── Dataset excerpts ──
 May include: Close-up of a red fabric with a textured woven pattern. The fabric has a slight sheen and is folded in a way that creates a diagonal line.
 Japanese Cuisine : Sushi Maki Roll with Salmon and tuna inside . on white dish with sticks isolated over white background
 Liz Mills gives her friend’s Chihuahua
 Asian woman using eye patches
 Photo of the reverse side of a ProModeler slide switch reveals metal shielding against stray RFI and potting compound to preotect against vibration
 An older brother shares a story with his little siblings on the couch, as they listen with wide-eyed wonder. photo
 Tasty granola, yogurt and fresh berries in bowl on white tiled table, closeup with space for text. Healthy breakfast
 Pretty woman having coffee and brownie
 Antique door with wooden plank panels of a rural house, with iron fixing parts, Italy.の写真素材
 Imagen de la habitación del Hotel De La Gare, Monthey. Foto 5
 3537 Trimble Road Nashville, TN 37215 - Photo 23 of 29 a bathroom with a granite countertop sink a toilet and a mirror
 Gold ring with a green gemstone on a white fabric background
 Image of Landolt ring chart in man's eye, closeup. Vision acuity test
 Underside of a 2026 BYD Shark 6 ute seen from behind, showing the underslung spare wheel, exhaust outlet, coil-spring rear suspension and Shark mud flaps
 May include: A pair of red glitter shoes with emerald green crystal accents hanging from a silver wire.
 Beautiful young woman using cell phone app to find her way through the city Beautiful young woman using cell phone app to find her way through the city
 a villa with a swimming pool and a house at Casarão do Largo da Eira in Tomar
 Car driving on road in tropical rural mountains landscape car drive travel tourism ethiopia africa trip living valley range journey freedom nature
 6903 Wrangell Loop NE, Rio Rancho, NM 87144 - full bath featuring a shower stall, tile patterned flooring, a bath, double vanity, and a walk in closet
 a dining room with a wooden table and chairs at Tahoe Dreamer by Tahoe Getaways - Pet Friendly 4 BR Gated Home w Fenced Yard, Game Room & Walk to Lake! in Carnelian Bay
───
[What the task asks] From the entries above, restate word for word the lines from the line containing "3537 Trimble Road" to the line containing "the city Beautiful", both ends included, and nothing more.

[Exercise solution]
 3537 Trimble Road Nashville, TN 37215 - Photo 23 of 29 a bathroom with a granite countertop sink a toilet and a mirror
 Gold ring with a green gemstone on a white fabric background
 Image of Landolt ring chart in man's eye, closeup. Vision acuity test
 Underside of a 2026 BYD Shark 6 ute seen from behind, showing the underslung spare wheel, exhaust outlet, coil-spring rear suspension and Shark mud flaps
 May include: A pair of red glitter shoes with emerald green crystal accents hanging from a silver wire.
 Beautiful young woman using cell phone app to find her way through the city Beautiful young woman using cell phone app to find her way through the city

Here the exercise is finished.